2. Un dramatique bilan humain et de lourds dégâts matériels mais une absence de conséquences majeures sur l'économie nationale

Les émeutes de l'été 2023 ont eu pour conséquence un nombre élevé de victimes humaines. Deux décès sont directement liés aux émeutes, l'un à Cayenne, l'autre à Marseille. La mission d'information évalue, dans une fourchette basse, à plus d'un millier le nombre de personnes blessées, y compris légers, dans le cadre de ces émeutes, qu'il s'agisse des agents des forces de l'ordre, des émeutiers ou de la population générale. Dans le détail, 782 agents des forces de l'ordre - 674 policiers et 108 gendarmes -, et 3 sapeurs-pompiers ont été blessés. Au moins une quarantaine de blessés graves ont été répertoriés parmi les émeutiers ou la population générale.

L'estimation des dommages aux biens atteint le chiffre, colossal et en nette hausse par rapport à 2005, d'un milliard d'euros. Les 16 400 sinistres déclarés aux assureurs représentent un coût de 793 millions d'euros, soit un montant quatre fois supérieur à celui des émeutes de 2005. L'indemnisation des collectivités territoriales correspond à 27 % de ce coût total. Le coût supporté par les assureurs ne correspond cependant qu'à une part des dommages aux biens résultant de ces émeutes, tous les sinistres n'étant pas nécessairement déclarés ou acceptés par les assureurs, lesquels n'ont pas toujours pris en charge la totalité du coût du sinistre. En outre, tous les biens publics ne sont pas assurés, l'auto-assurance étant fréquente dans le secteur public, notamment pour l'État.

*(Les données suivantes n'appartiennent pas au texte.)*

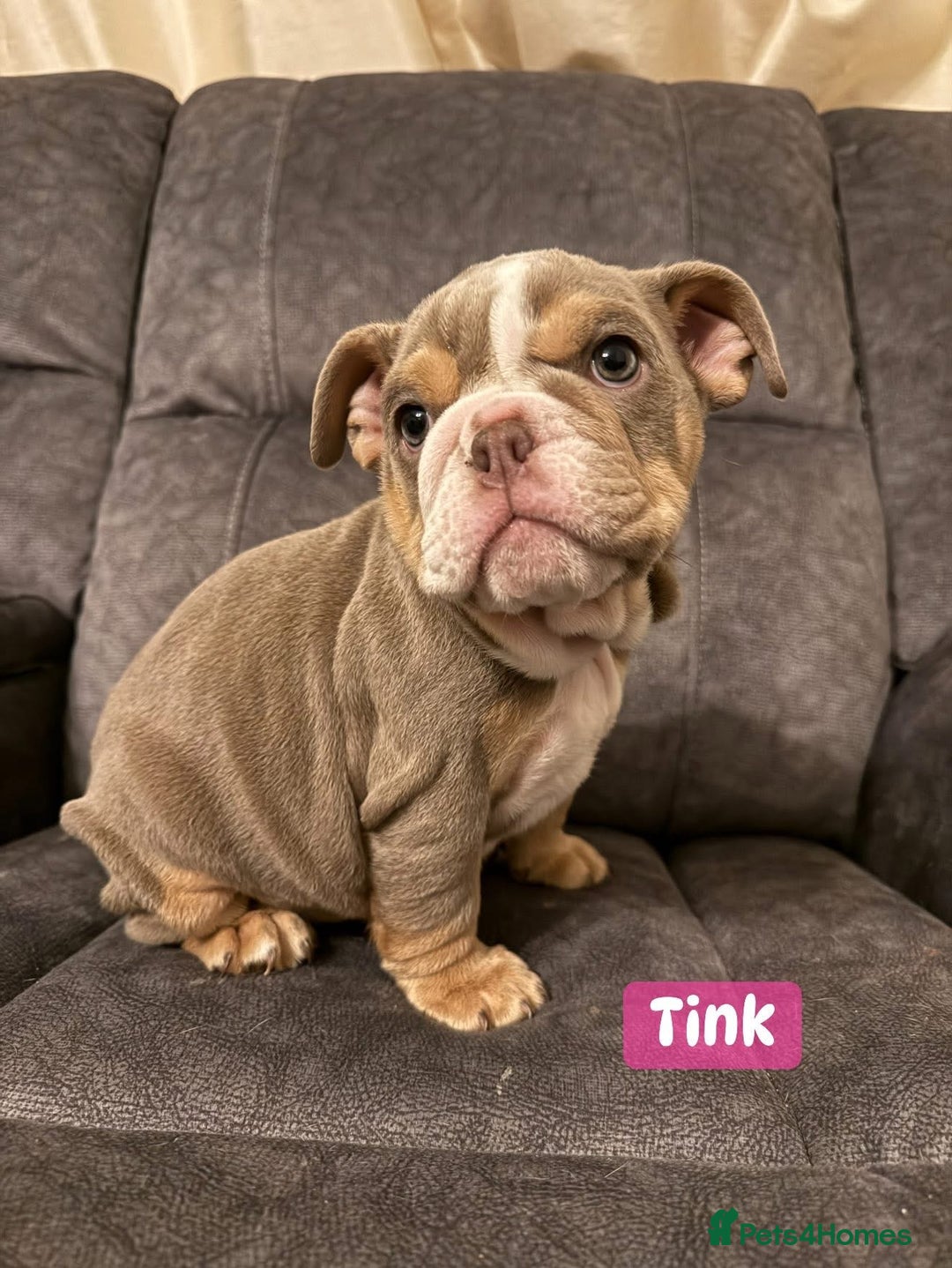 English Bulldog dogs for sale: English Bulldog Puppies - Image 3
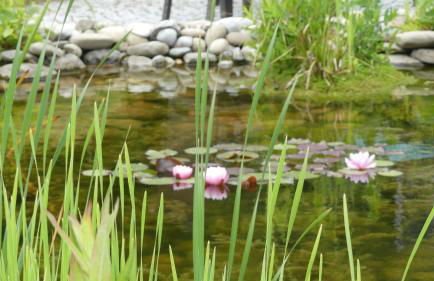 Ferienwohnung Mittl - Foto 15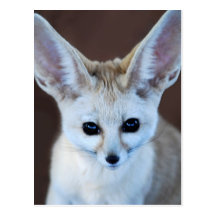 Fennec fox post cards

Les cibles des émeutiers ont été orientées vers des symboles républicains. Parmi les 2 508 bâtiments incendiés ou dégradés, figurent 273 bâtiments des forces de l'ordre, 105 mairies et 243 écoles. De nombreux véhicules de police ou de gendarmerie font en outre partie des 12 031 véhicules incendiés.

Illustration de l'opportunisme d'une part des émeutiers, les commerces ont également fait l'objet d'exactions, une estimation basse établissant que plus d'un millier - vraisemblablement autour de 1 500 - d'entre eux ont été vandalisés ou pillés, en particulier 436 débits de tabac, 370 agences bancaires, approximativement 200 commerces alimentaires, 200 commerces d'habillement ou encore 118 opticiens. Malgré le préjudice financier et moral indéniable pour tous ces commerces, les émeutes n'ont cependant pas eu d'incidence majeure sur l'économie française - outre le coût direct de la reconstruction -, les premières craintes semblant, fort heureusement, ne pas s'être réalisées, y compris dans le secteur du tourisme.


* 1 Composée de François-Noël Buffet, rapporteur, Olivier Bitz, Cécile Cukierman, Nathalie Delattre, Jacqueline Eustache-Brinio, Isabelle Florennes, Corinne Narassiguin, Louis Vogel et Mélanie Vogel.